--- What to work on ---
Could you retype the lines below, starting at the line holding "Alive Men’s 50+" and stopping at the line holding "AnyBody frosted Fleece Pop_over Sand Color", inclusive? Copy them exactly and drop the images.

.....

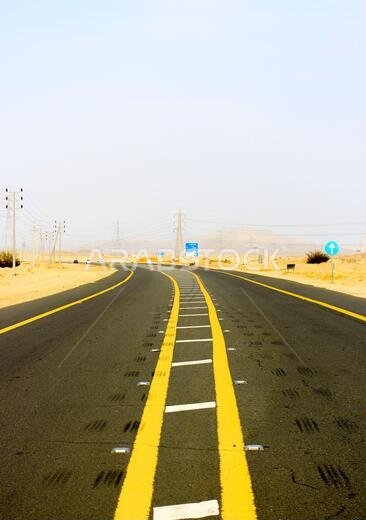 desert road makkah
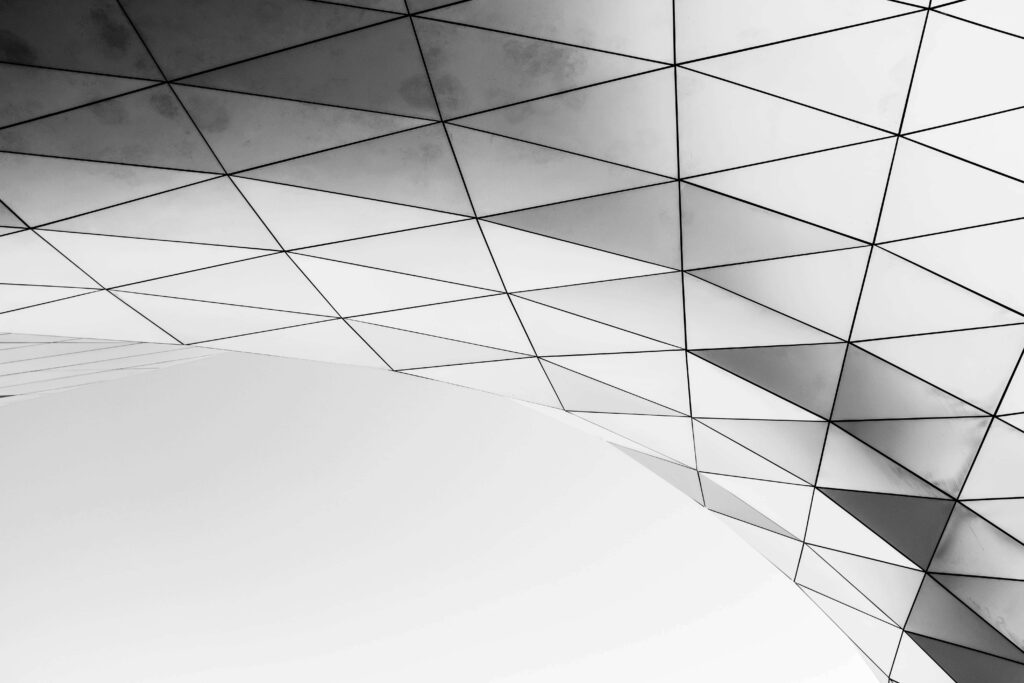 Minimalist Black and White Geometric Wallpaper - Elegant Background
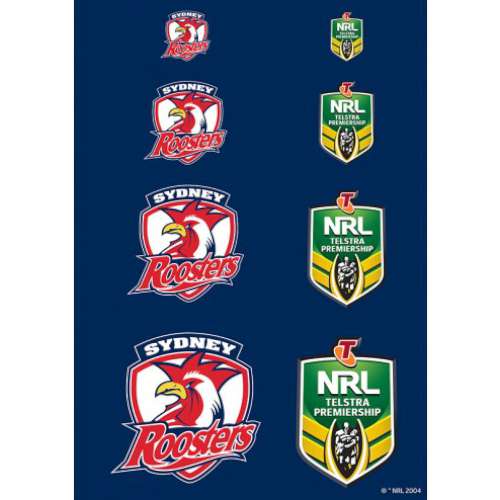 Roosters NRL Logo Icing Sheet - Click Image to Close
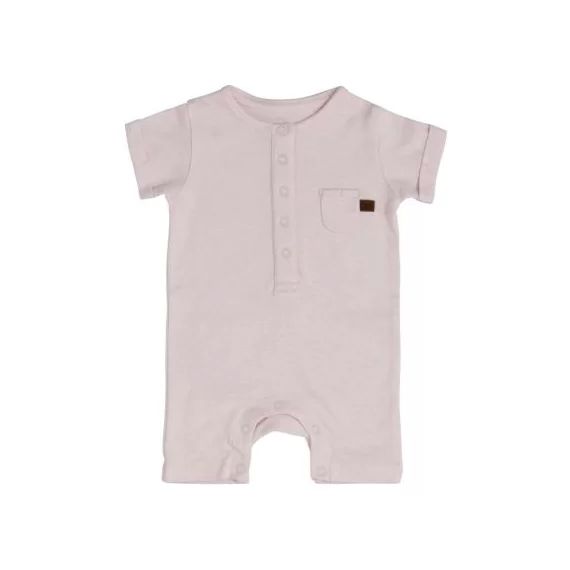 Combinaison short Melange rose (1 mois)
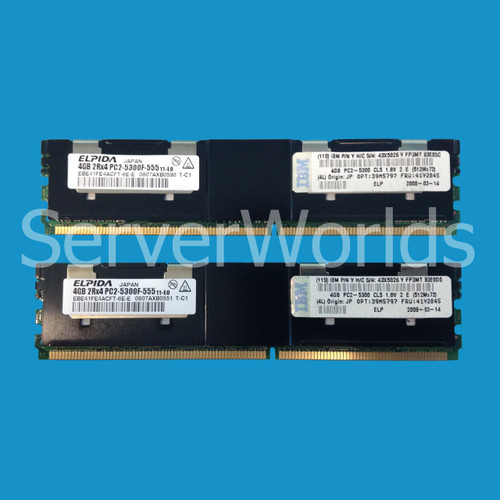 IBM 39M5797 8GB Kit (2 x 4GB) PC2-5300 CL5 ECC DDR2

.....

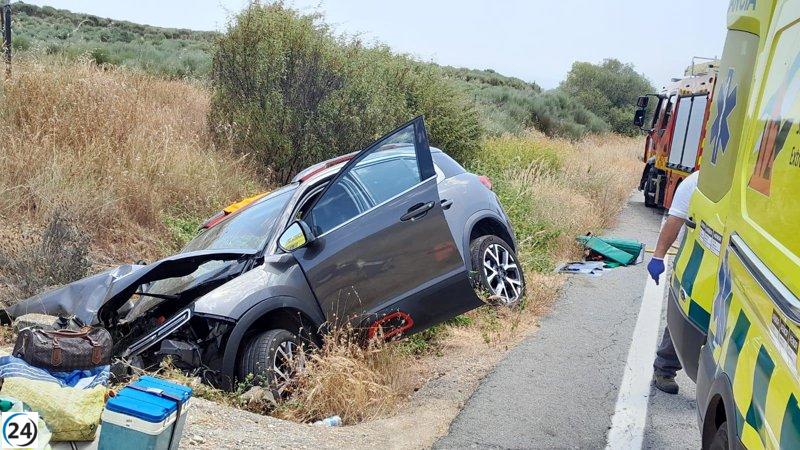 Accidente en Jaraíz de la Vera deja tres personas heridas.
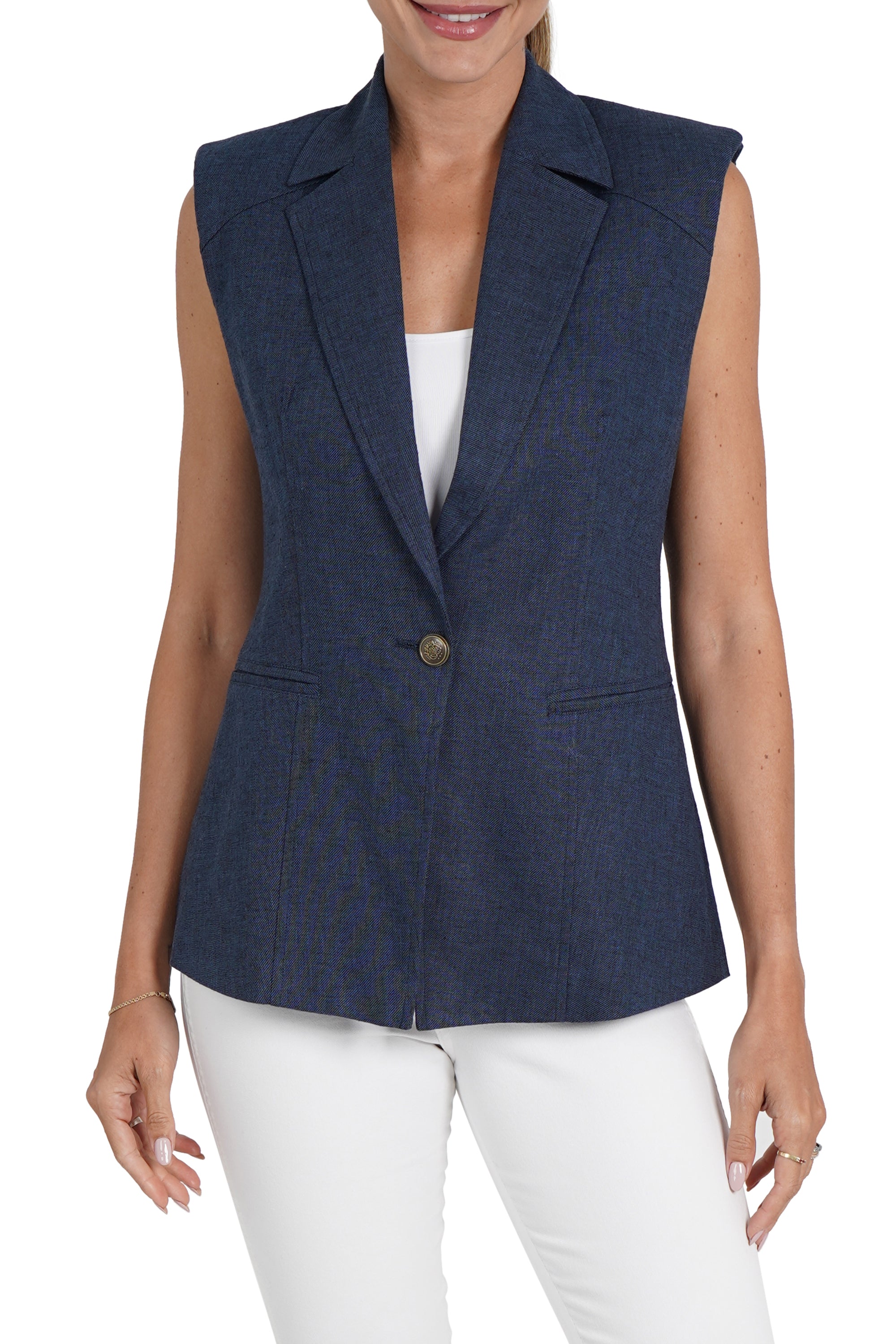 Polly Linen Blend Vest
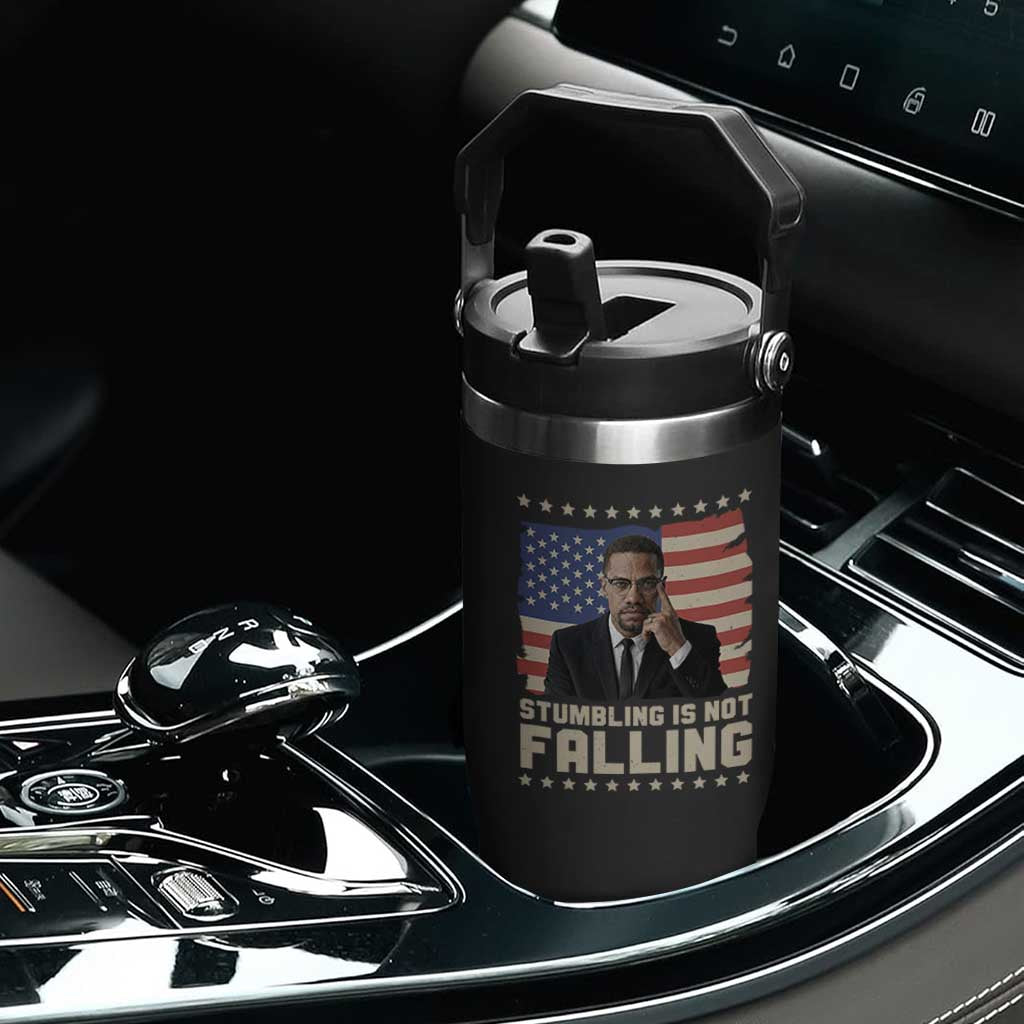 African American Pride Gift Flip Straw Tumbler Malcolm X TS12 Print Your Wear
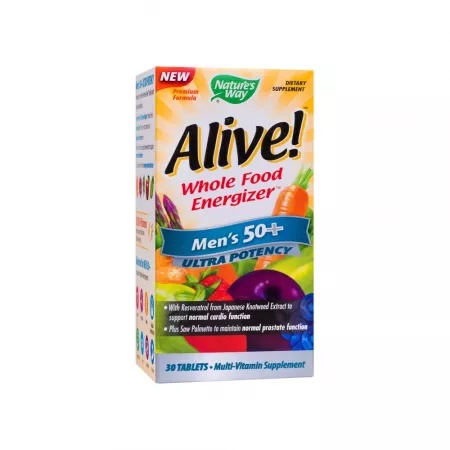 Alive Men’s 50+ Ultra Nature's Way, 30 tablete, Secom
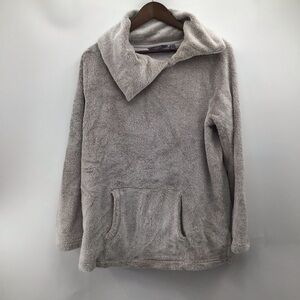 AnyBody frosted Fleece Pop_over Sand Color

.....

--- Task result ---
 Alive Men’s 50+ Ultra Nature's Way, 30 tablete, Secom
 AnyBody frosted Fleece Pop_over Sand Color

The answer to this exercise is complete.